Our daughter came home from China with "orphanage hangover." Like you say, other kids came home from Chinese orphanages, but none with exactly her brain. It affected her. Deeply. Through years of therapy and training, she has come so far. I wonder, though, sometimes….
What would our family be like… if we hadn't had to fight so hard to get to where we are now? Will she always struggle more when she is tired or sick — or will she outgrow it someday?
My heart and prayers go out to you as Joel — and all of you — continue to heal. Enjoy NOW!
Karen Thank you for your prayers I will lift up your daughter too!
Children are so much more resilient than adults are. They seem to adjust to changes better. Looks like he is doing great!
Stopping by from VoiceBoks!
He is pushing forward each day, he makes us proud.
Thank you for this, Cheryl.
Your welcome Leah.
I just stumbled upon your blog from VB and have found myself reading about your journey with Joel for a while now. Your strength is amazing and such an inspiration for others. God bless you & your family and little Joel!

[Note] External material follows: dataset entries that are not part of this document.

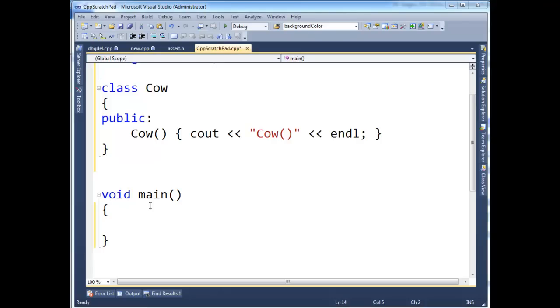So I'm going to prove to you that function statics are literally not initialized until the first invocation of a function. In fact, if you never call a function, then the statics will never be initialized.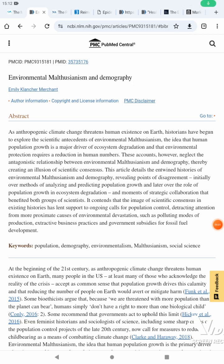Alright, so consider this part two, or another version of the Malthusian Delusion. But in this case, it's explaining environmental Malthusianism and demography, how they historically came to form.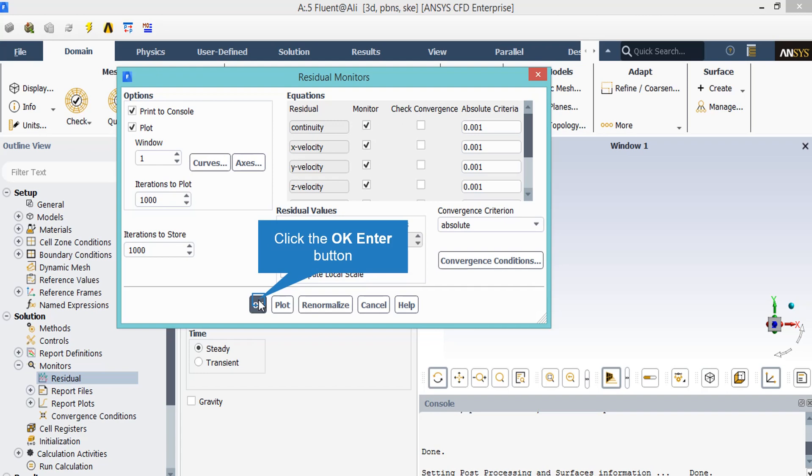This criteria refers to the difference between the errors of each iteration. And it refers to the fact that if the error is less than these criteria, those equations have reached convergence. Also, as you can see, the convergence criterion is said to be in absolute form.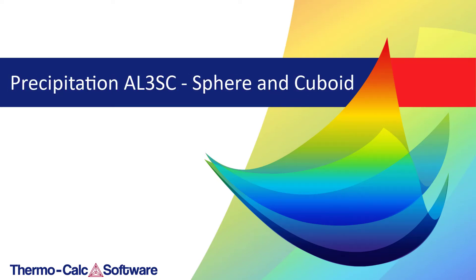This video will show you how to simulate the precipitation of aluminum-3 scandium comparing spherical with cuboid morphology using the precipitation module known as TC-PRISMA.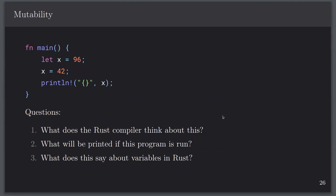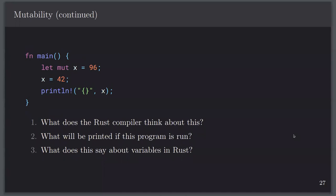Mutability: if you create an i32 called x and assign 96, then try to reassign it to 42, the Rust compiler will not allow you to compile because it's not a mutable variable. To declare mutable variables, you use 'let mut' — 'mut' is short for mutable. If you write 'let mut x = 96' and then 'x = 42', the Rust compiler will be happy. If you print x, it'll be 42.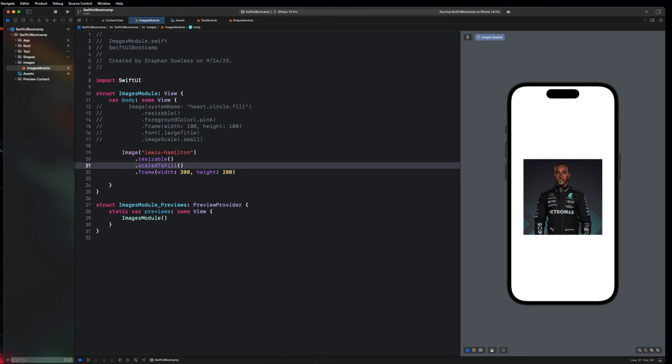Something else I want to cover quickly is clip shapes. Just the same way we can say .clipped, I can give this a clip shape of a circle using .clipShape(Circle()). You'll notice this gives me a really awesome circular image. If I adjust my dimensions to be even — the same width and height — then everything looks just fine, because with a circle you need the width and height to be the same. We could even remove the .scaledToFill modifier and nothing will change, because everything fits the frame based on the image's original aspect ratio.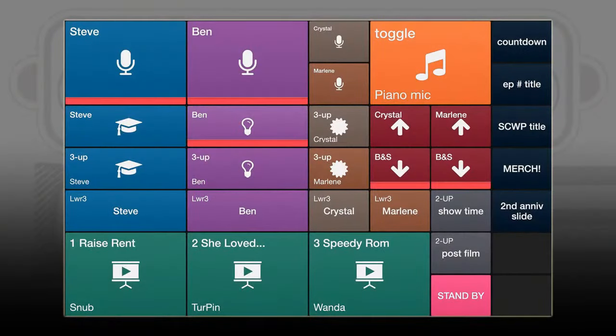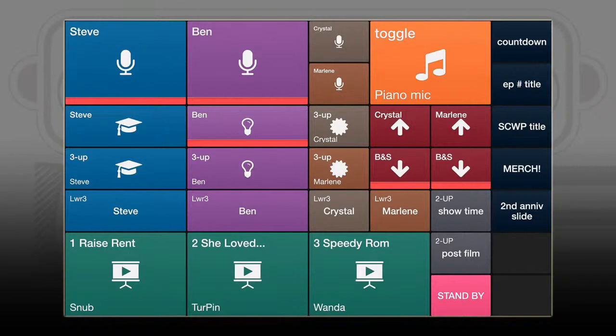This is what the iPad remote looks like for this show. The red indicates what is live or not live, and these are different buttons I've assigned to different functions. When I lean over and tap something, it triggers a function to turn it on or off. The green buttons at the bottom start the films.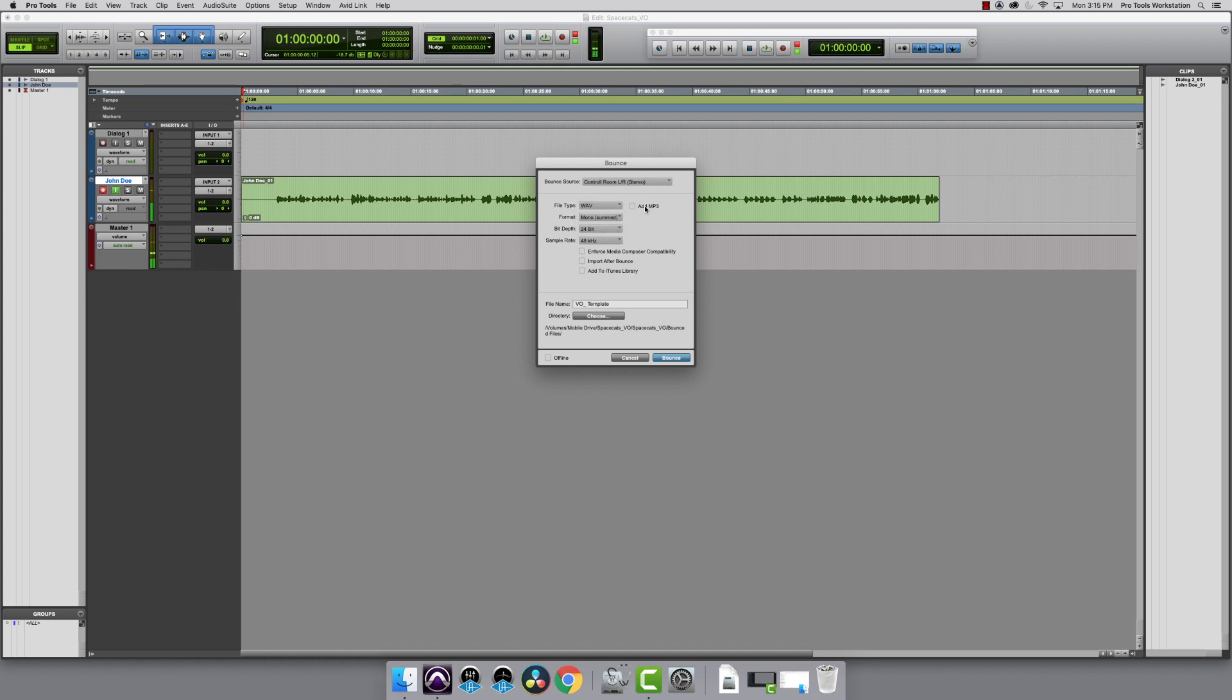File type should be wave. My sample rate and bit depth should be set to the same as my session. I'm going to name this John Doe_VO, so I know who recorded it and what it is.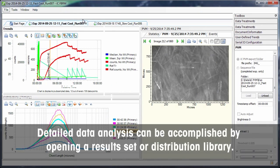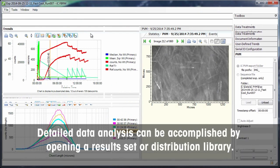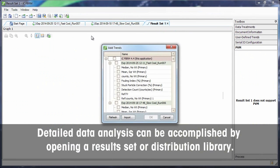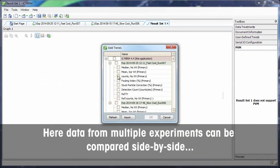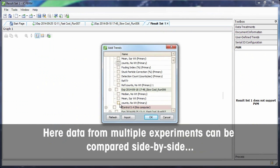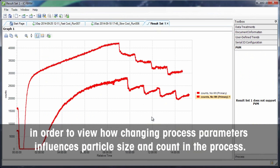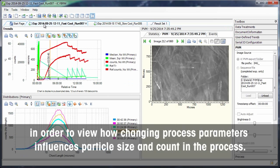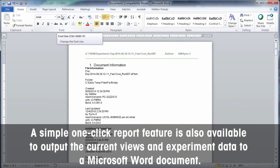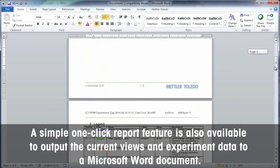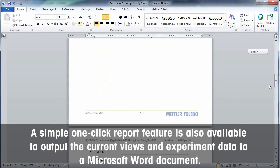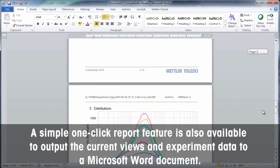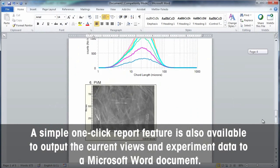Detailed data analysis can be accomplished by opening a result set or distribution library. Here, data from multiple experiments can be compared side by side in order to show how changing process parameters influence particle size and count in the process. A simple one-click report feature is also available to output the current views and experiment data to a Microsoft Word document.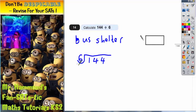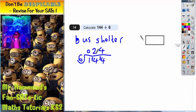How many 6s go into 1? Well, 6 is bigger than 1, so 6 will not go into 1 at all. We carry the remainder to the next column, making 14. How many 6s go into 14? Two 6s will go in, but there will be a remainder of 2, which makes 24. How many 6s go into 24? From your 6 times table, 4 sixes are 24 with none left over. So the final answer is no hundreds, two tens, and four units — we ignore the zero hundreds, so this is just 24.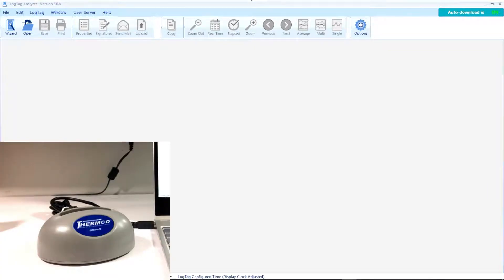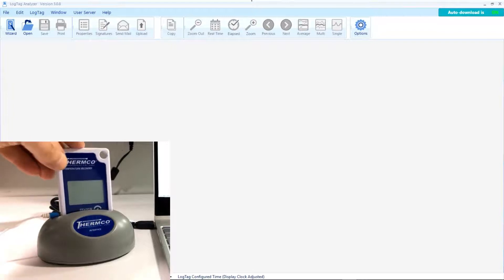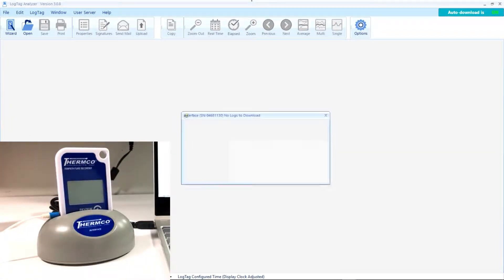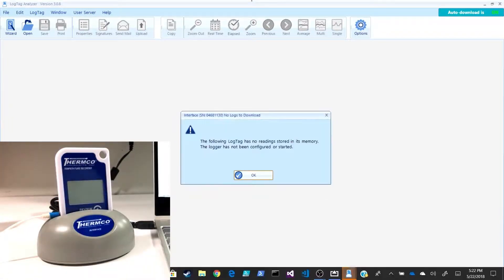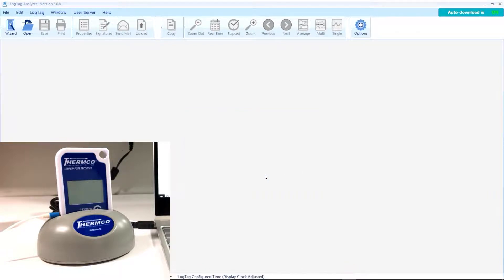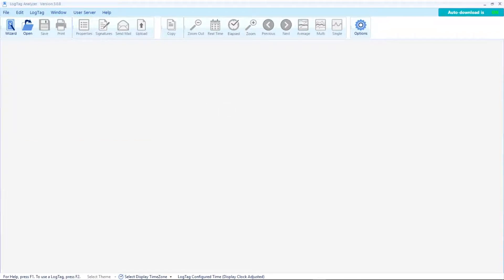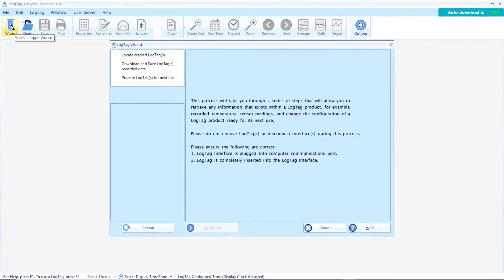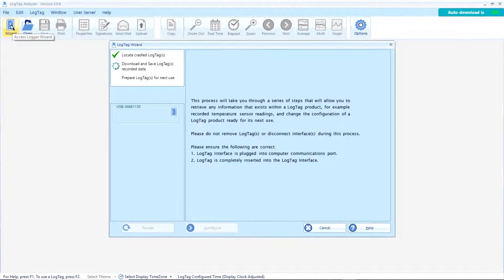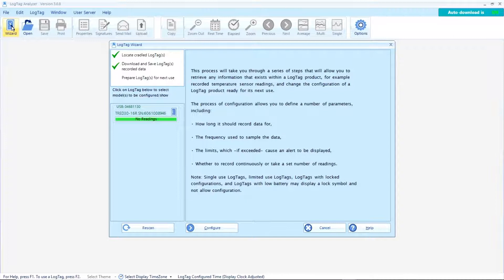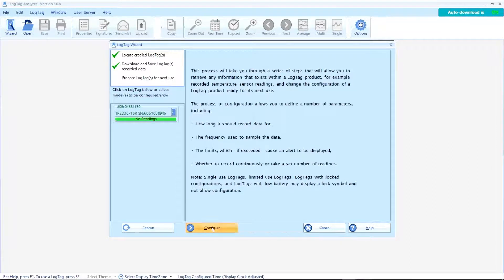Now put the log tag in the cradle and we can click okay or just wait for it and it disappears. Then we click on wizard, wait for it to verify, go down, and click configure.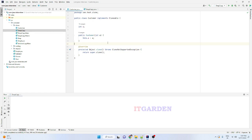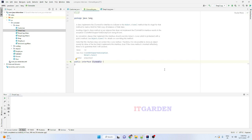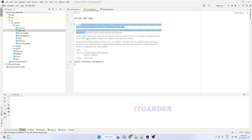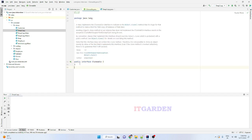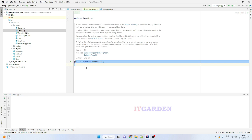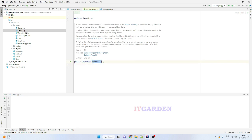In Java there are two popular marker interfaces: one is the Cloneable interface and another one is the Serializable interface. When you look at the Cloneable interface, you can see it does not have any method declaration — that is the reason we say the Cloneable interface is a marker interface.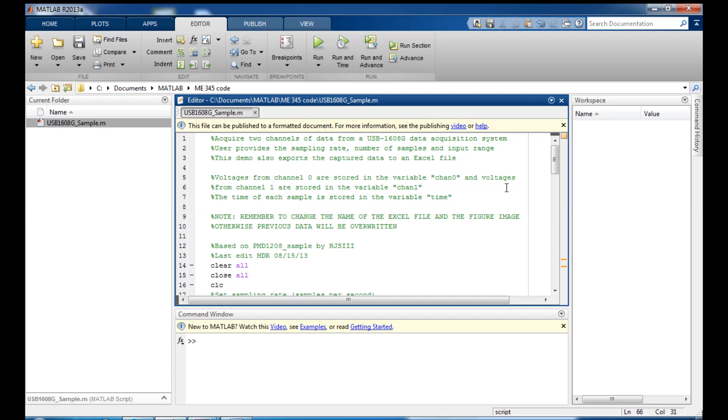Hi everyone and welcome to this video on using the MATLAB code that we'll use throughout the semester to take data with our USB data acquisition system.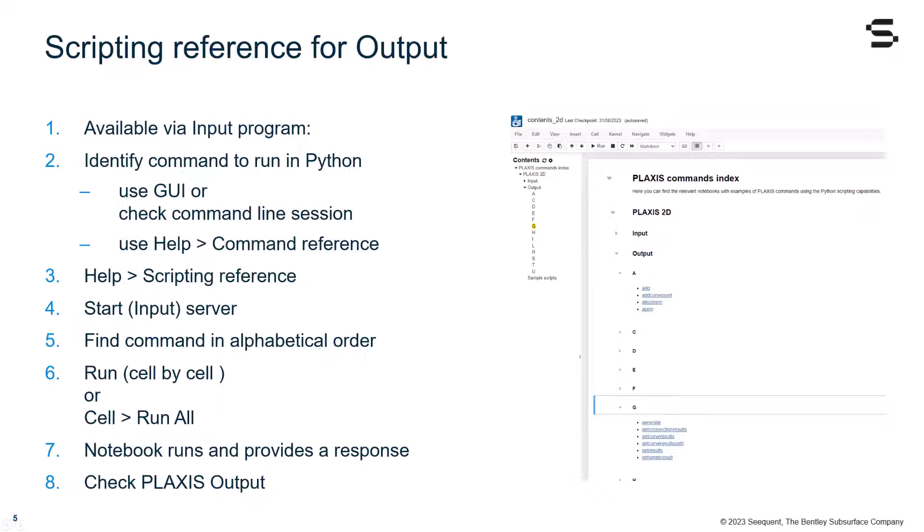A similar process can be done when using the scripting reference for the output program. First, you have to start from input program, as in order to use any output commands, a model should already exist in input.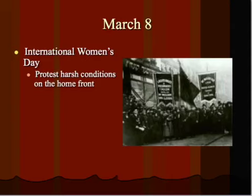March 8th happens to be International Women's Day. We don't seem to celebrate it quite as much in this country, but typically it has been a day for protest, maybe celebration, depending on where you are, and it tends to be celebrated more in certain Eastern European countries. March 8th of 1917, you have an International Women's Day parade that starts off basically as a parade and ends up being a protest in Russia.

Thank you Andrea for your kind words. Some days it can feel almost draining but all these kind comments have been such an encouragement!
Thanks for your comments.
This illness is so destructive. We are not familiar with this tumor, with only neuroblastone. My nephew was three years old when my sister discovered that something was wrong. I wish you God's presence, even on your way to acceptance of your little boy as he became after surgery. You've got him again, but differently than he was. I'll get you "pray" button.
This is my first visit to your blog, so I'm just 'getting to know you'. My heart is going out to you…. 'The trials that afflict the just, in number many be. But yet at length out of them all, the Lord doth set them free' (Scottish Metrical Psalms).